A number of ongoing community issues were updated. We would like to see the City buy, for a park, the beautifully treed Dominican land currently for sale on Empress Street (this neighborhood has the lowest park space of any in the City). Confusion and rumors abound. It seems the Dominicans themselves may not be clear on their long term plans for their University facility and church on Empress. We decided to ask Councilor Diane Holmes to direct staff to contact the college again and confirm back that discussions are proceeding. We are anxious that the issue not be “lost” or forgotten about in the civic or religious bureaucracy.

The City’s  Official Plan Review continues. In conjunction with the Federation of Community Associations, we raised two issues: we want the city to hold the line on the expansion of the urban boundary, and we oppose “country-lot estates”. Both these issues deal with the undesirable expansion of the urban area and function in the form of low density residential lands. These developments house a “urban” population (not a rural one) and eventually necessitate the expansion of city services into lower and lower density areas that are expensive to service and do not generate enough tax revenue to cover their costs.

The Downtown Ottawa Transit Tunnel - DOTT -  project was discussed and is subject of a separate article in this edition of the Buzz.

We had two Spring Cleaning sessions in our neighborhood, coordinated by Craig. The first session had over a dozen people turn out in the rain for two hours of socializing and picking up around the Dal Centre and the Lorne-Empress-Arthur-Somerset Streets. The second clean up date had a good turn out and extended the tidied-up zone south along Booth. The areas were noticeably cleaner and the end of the process and we note with gratification that they have stayed cleaner since then.

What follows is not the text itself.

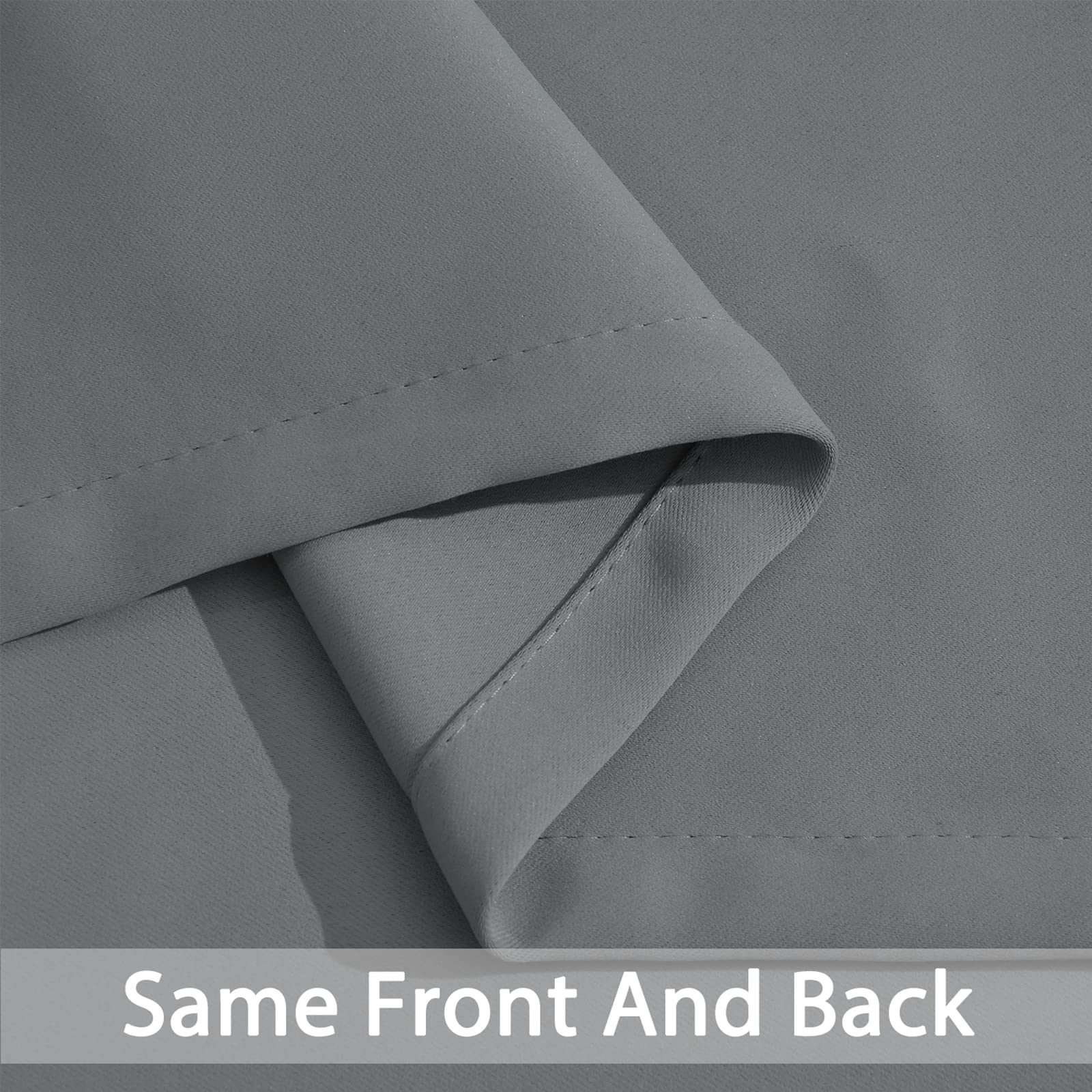 Yakamok Grey Room Darkening Curtains 84 inch Gray Sliding Door Drapes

Discussion of the fate of the Sir John Carling building on Carling Avenue was interesting. Our neighborhood has a number of government building “campuses”: Tunney’s Pasture, Booth – Rochester Streets near Dow’s Lake, and of course the Carling building on the very northeast-most corner of the Farm. Many buildings are now quite old, and at some point need to be replaced or undergo total rebuilding. Unfortunately, they are not of the current floor-plate size that the feds want for cubicle farms, and so public works is examining alternatives for these building complexes. Apparently these alternatives include abandoning them – they have announced they want to tear down the Carling building in 2010, and maybe phase out the buildings at Tunney’s and Booth St. All three sites would be attractive for housing, and some of the structures could probably be gutted and converted to new uses if the Feds do not want civil servants in them. All are very near the new rapid transit system lines. As proponents of urban society, we do not want to see even more soulless low density suburban office campuses beyond the rapid transit lines. Once these office uses are gone, some of the benefits of city living are gone forever – things like walking to work, mixed use neighborhoods, and main street developments that thrive because they have day and evening and weekend traffic.

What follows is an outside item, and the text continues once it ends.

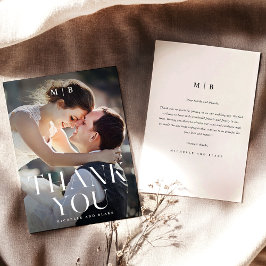 Tarjeta de agradecimiento al Boda Minimalista mono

The Plant Pool Recreation Association - PPRA - had its annual desert party fundraiser on May 2nd, and raised over $2300! This year’s project is replacing the Cambridge Street School playground. Summer programing at the Plant Rec Centre and Plouffe Park is well underway. The playing fields in the park will be resodded in the next few weeks, and available for light use this summer. The splash pad, play structure, basketball court, and indoor facilities are unaffected by the recent reconstruction of the playing fields. The fields are starting to look finished, with generous planter beds now planted with shrubs and plants, retaining walls and sitting areas, new lighting and many many new trees.

Residents of the downtown certainly notice the results after major City capital projects are completed as the final finish includes artwork. Sculpture artwork will be installed this year and next along Bank Street, Wellington West, and Preston Streets, as the contractors tidy up and move on to the next big dig. Councilor Holmes recently had the threshold for artworks changed, so that capital projects over a half million dollars will now have a public artwork component, not just projects over two million dollars. Given how not-very-far tax dollars go these days, we may soon see public art associated with almost every noticeable capital project.

There will be a plant sale at Devonshire school on June 6th, to raise funds for their play structure.